(Brief descriptive captions)

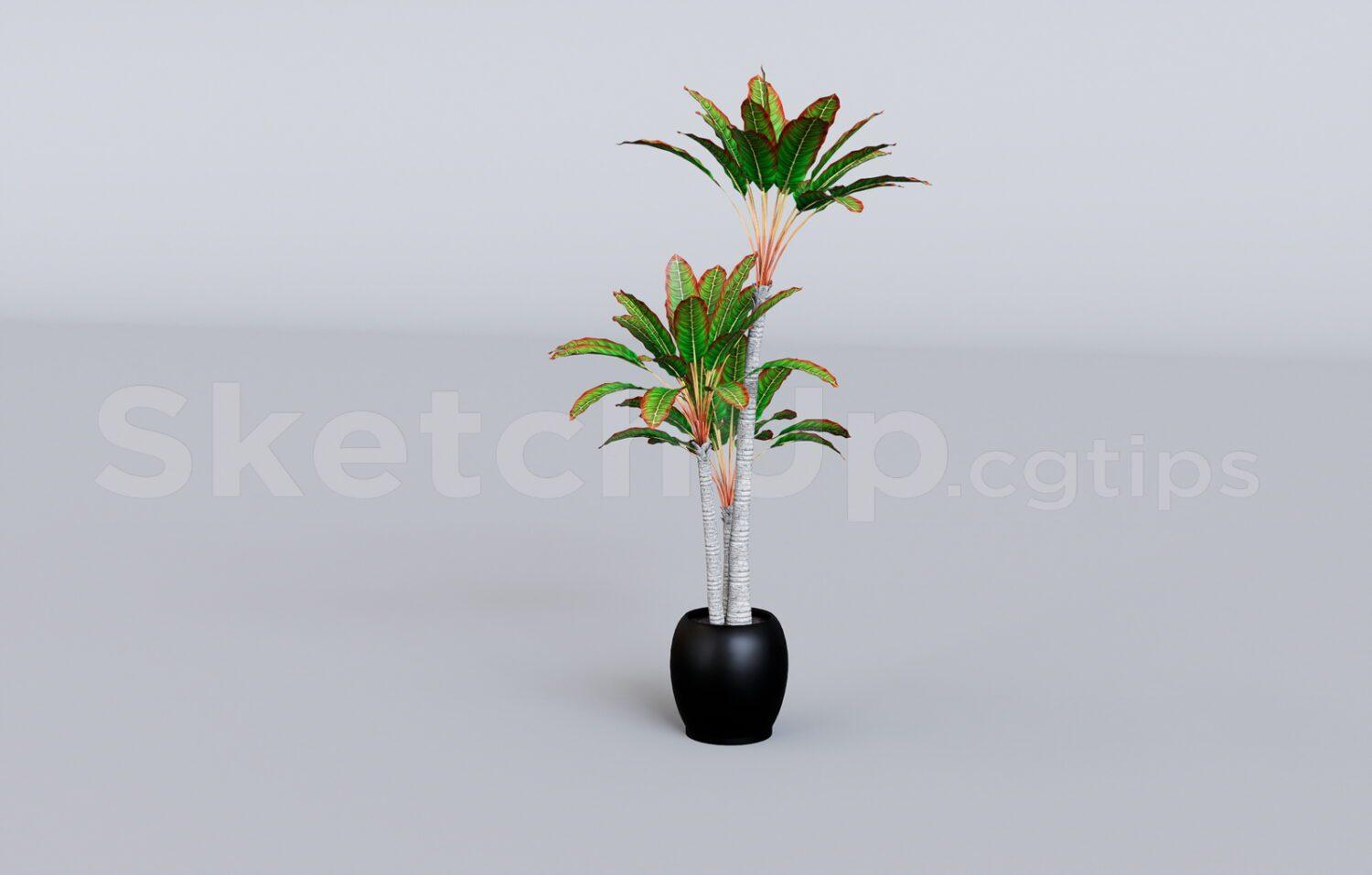 Plant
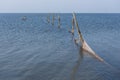 Dutch along the sea with wind turbines Royalty Free Stock Photo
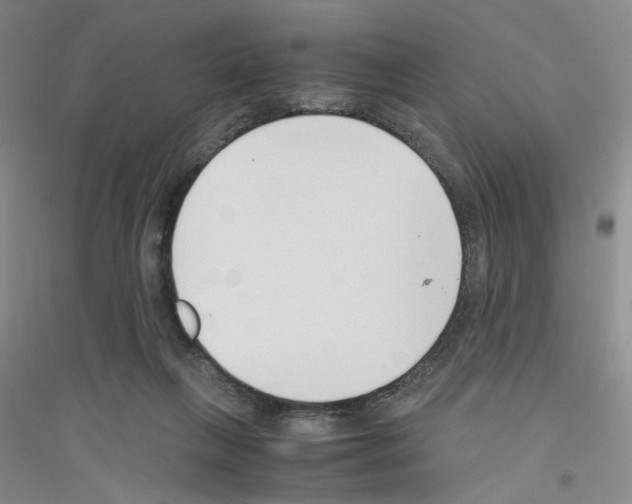 X0000116760263201001281618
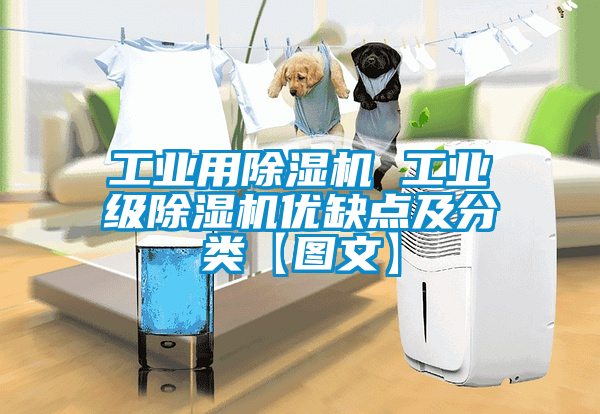 工業(yè)用除濕機(jī) 工業(yè)級(jí)除濕機(jī)優(yōu)缺點(diǎn)及分類【圖文】
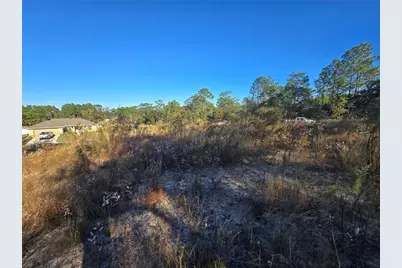 9388 N Old Mill Way, Citrus Springs, FL 34433 - Photo 5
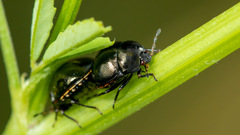 Coptosoma scutellatum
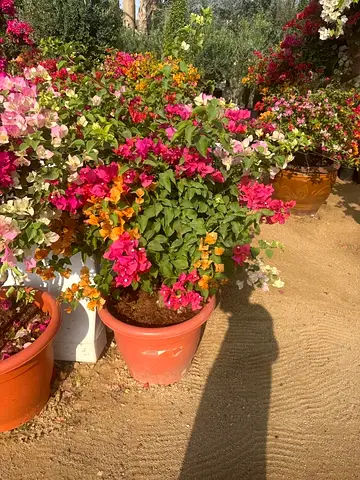 Large Mixed-Color Bougainvillea in Terracotta Pot - Healthy Outdoor Plant
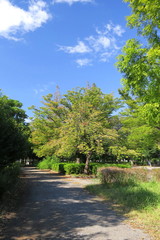 Fototapeta na wymiar 秋の朝の公園風景
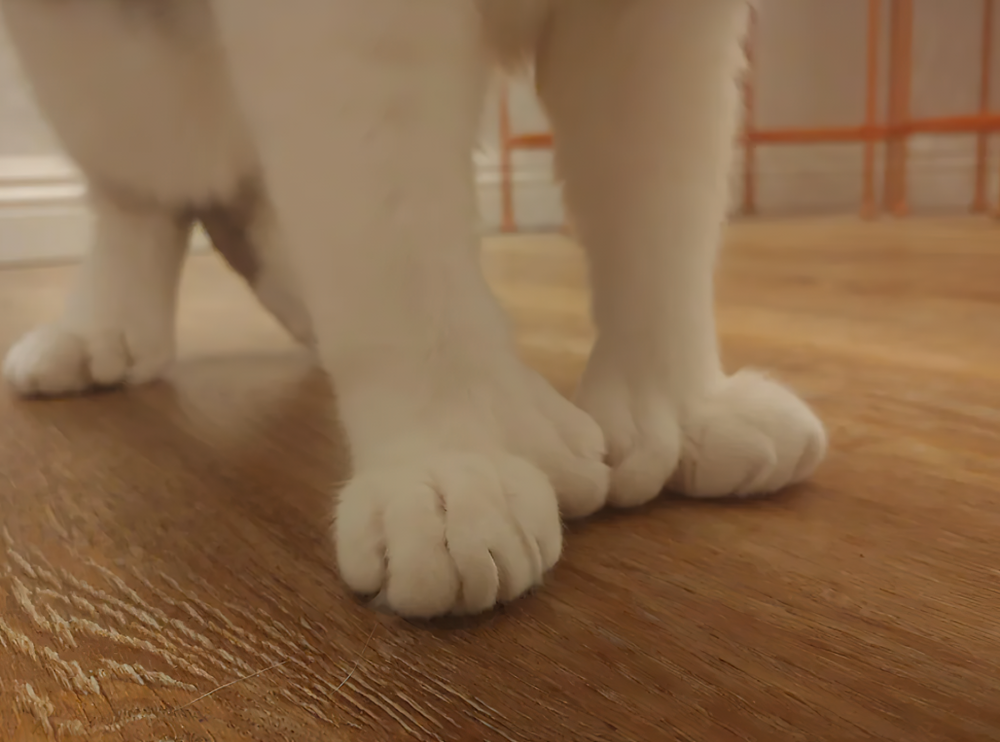 10. «У кота моего друга рекордное количество пальцев на ногах — 28!»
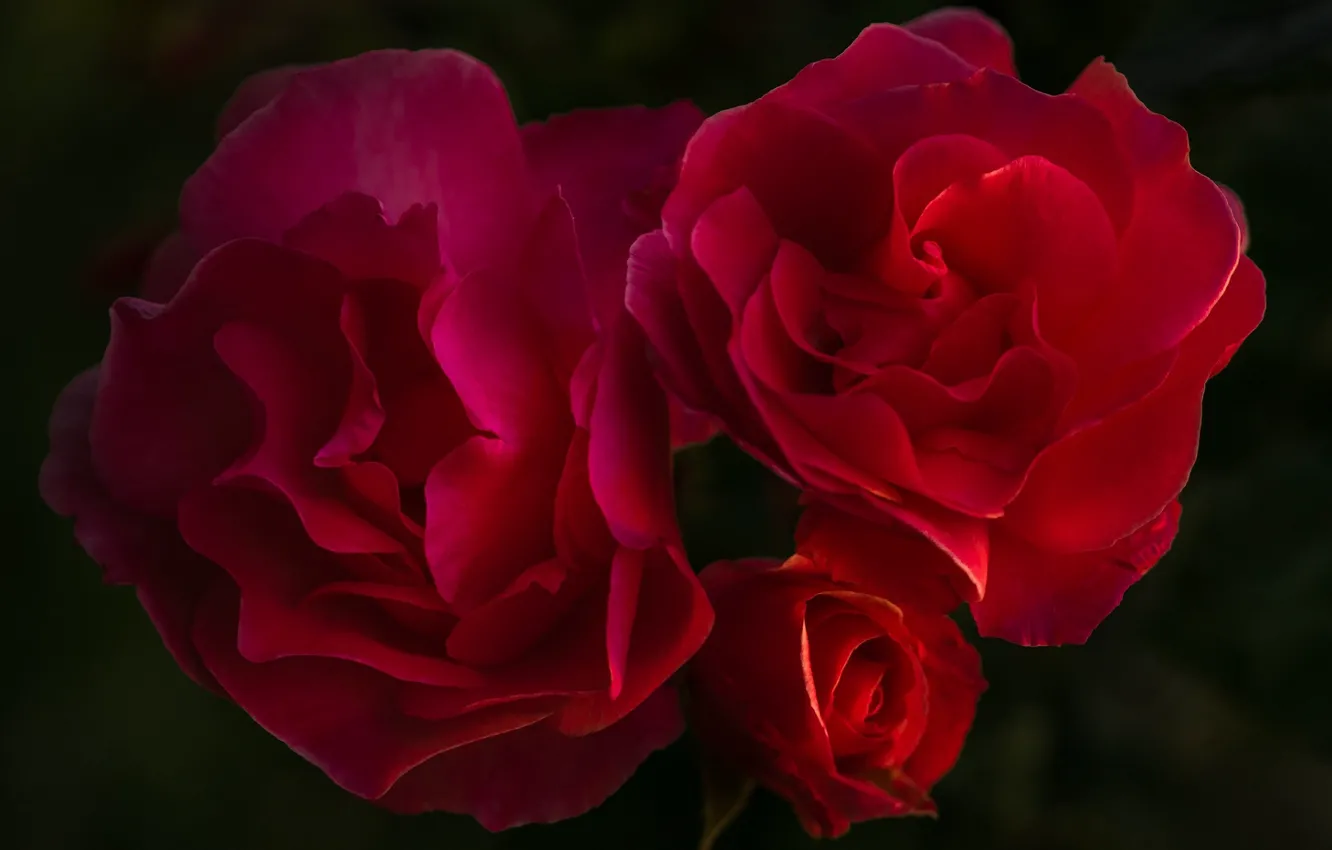 Photo wallpaper roses, black background, red roses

## EXERCISE GOAL:
Give a verbatim transcription of the entries, leaving out the pictures.

## REPLY TO THE EXERCISE:
 Plant
 Dutch along the sea with wind turbines Royalty Free Stock Photo
 X0000116760263201001281618
 工業(yè)用除濕機(jī) 工業(yè)級(jí)除濕機(jī)優(yōu)缺點(diǎn)及分類【圖文】
 9388 N Old Mill Way, Citrus Springs, FL 34433 - Photo 5
 Coptosoma scutellatum
 Large Mixed-Color Bougainvillea in Terracotta Pot - Healthy Outdoor Plant
 Fototapeta na wymiar 秋の朝の公園風景
 10. «У кота моего друга рекордное количество пальцев на ногах — 28!»
 Photo wallpaper roses, black background, red roses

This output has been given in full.